理想の教育を探し、結婚翌日沖縄行きを決意した話のつづき。
その学校で働くことを決意したとはいっても、そう簡単にいくはずもありません。
そりゃあ、さっき結婚したばっかりなのに、いきなり住んだこともない沖縄の地に独りで行こうっていうんだから、家族なら反対して当然ですよね。
もちろん家内には、事前に伝えてはいました。
結婚式の翌日、その学校を見学して、どうするかを決めるって。
僕も、気軽な沖縄移住みたいな風には全然思っていませんでした。でも、実際にそこに行ってみると、それでもどうしても行きたい、行かにゃいかんと思う場所だったんです。
みんなの反対のなかを行くほどの。
学校は、恩納村というリゾート地にあるホテルの敷地内にありました。そうはいっても結構大きなスペースを使っていました。
グラウンドとして、ホテルの庭やビーチを、宿泊客の邪魔にならないのであれば使ってよいということでした。
そして、2人で学校を見学に行ったときにやっていたのが、「grab basket」というクラスでした。
内容はシンプル。
今日のテーマが、たとえば「友達」と決められます。あとは縦横10センチ程度の紙が配られて、BGMが流される。
それぞれにバラバラに散らばって、そのテーマについて思うことを書く。その時間、15分くらい。そして、それをbasketに入れて、スタッフか生徒がつかんで(grab)読み上げる。それだけ。
でも、散らばったあとの生徒の子達の顔は、違いました。みんな真剣そのもので、そのテーマと向き合っている。そして、書きながら涙ぐんでる子もいる・・・。
そして、読み上げられます。
「ここにくる前の自分はすごく暗かった。友達と話してても、気持ちの底ではいつもさめていた。夢もなかった。素直に笑うことも泣くこともできなかった。ひとりぼっちだと思っていた。ドリプラに来て、本当に友達と話してて楽しいと思えるようになった。まだ夢はないけど、 打ち込めることを見つけることができた。いま本当にHAPPY です。 THANK YOU ドリプラ !」
つぎつぎと、全部が読み上げられる。

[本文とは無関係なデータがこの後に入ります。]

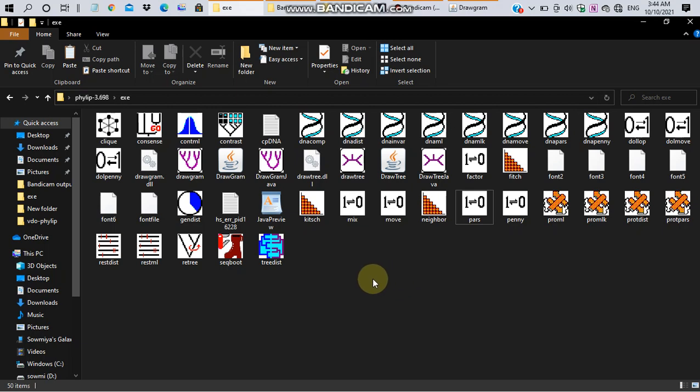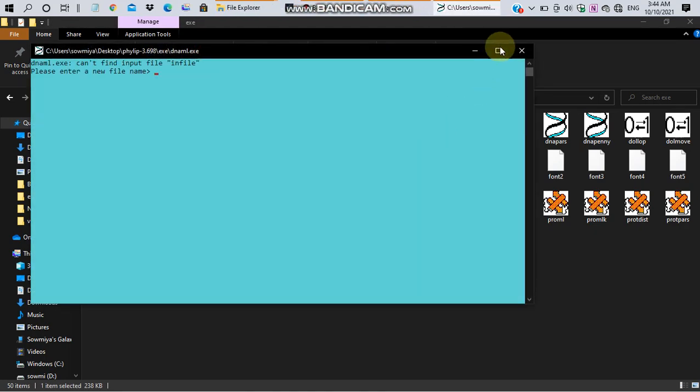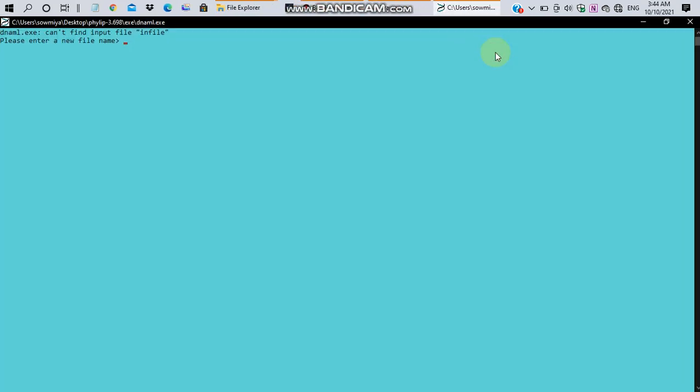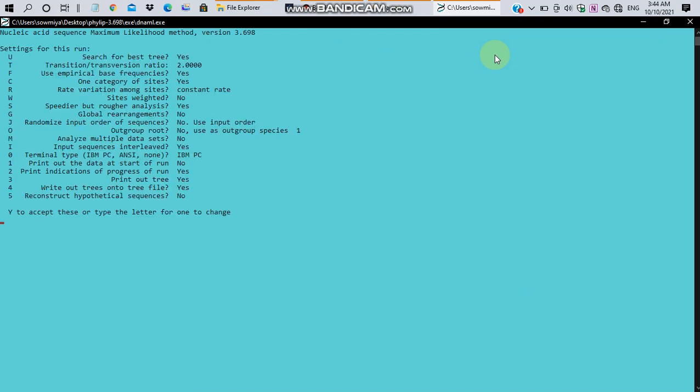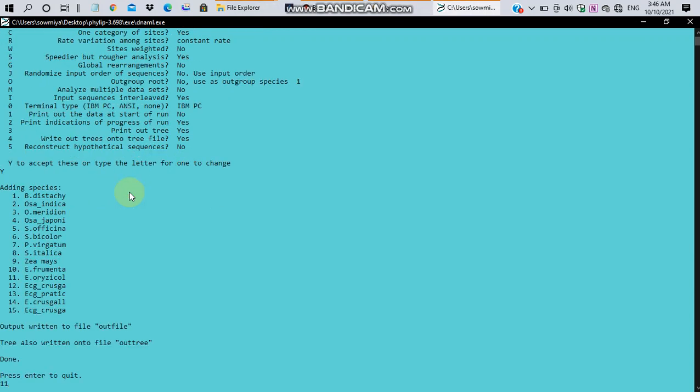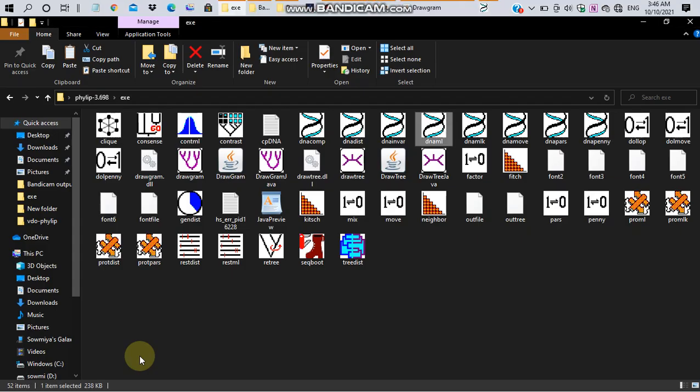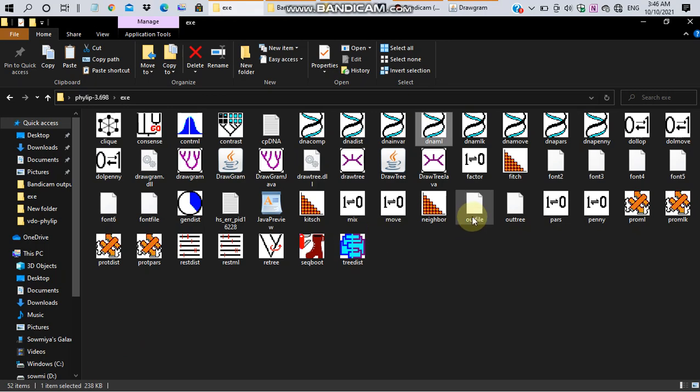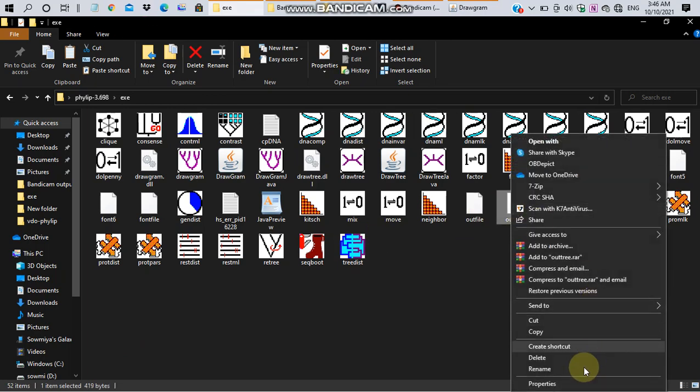Let's go with maximum likelihood method. For this, go to DNAML and enter the file name cpdna.txt then click enter. This will load the parameters for constructing tree. Enter y to accept this parameter. After this step, both outfile and outtree is generated. Just rename outtree as intree.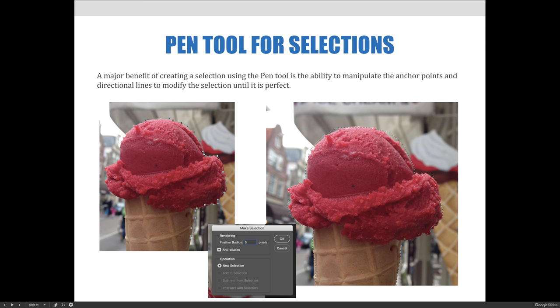A major benefit of creating a selection using the pen tool is the ability to manipulate the anchor points and directional lines to modify the selection until it is perfect.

そのどれもが、真剣に自分の人生と向き合い、人生の意味を考え、自分がいまあることのありがたさや、立ち向かっている葛藤などをストレートに言葉にしたものでした。
僕はそれを、涙を流して聴いていました。
その感情を、どう説明したらいいかわかりませんでした。でも心のずっと奥のほうが揺り動かされるような、ここで僕になにかやれることがあるなら、やりたい!って思いました。
あとである生徒の子が、ああやって見学にくる大人で、涙を流してたのは僕が初めてだと言ってました。
僕もあんなに素直に泣いてるなんて、自分でも不思議でした。
いま振り返れば、なんとでも理由はつけられるんでしょうが、その時はただ、家内をはじめ家族にその感情を理解してもらうしかありませんでした。
だって、給料のない状態で家内を連れて行くことはできないから。
そして、前の仕事の区切りがついた3月末、東京木場での学校お披露目イベントから、スタッフとして学校に合流することになったのです。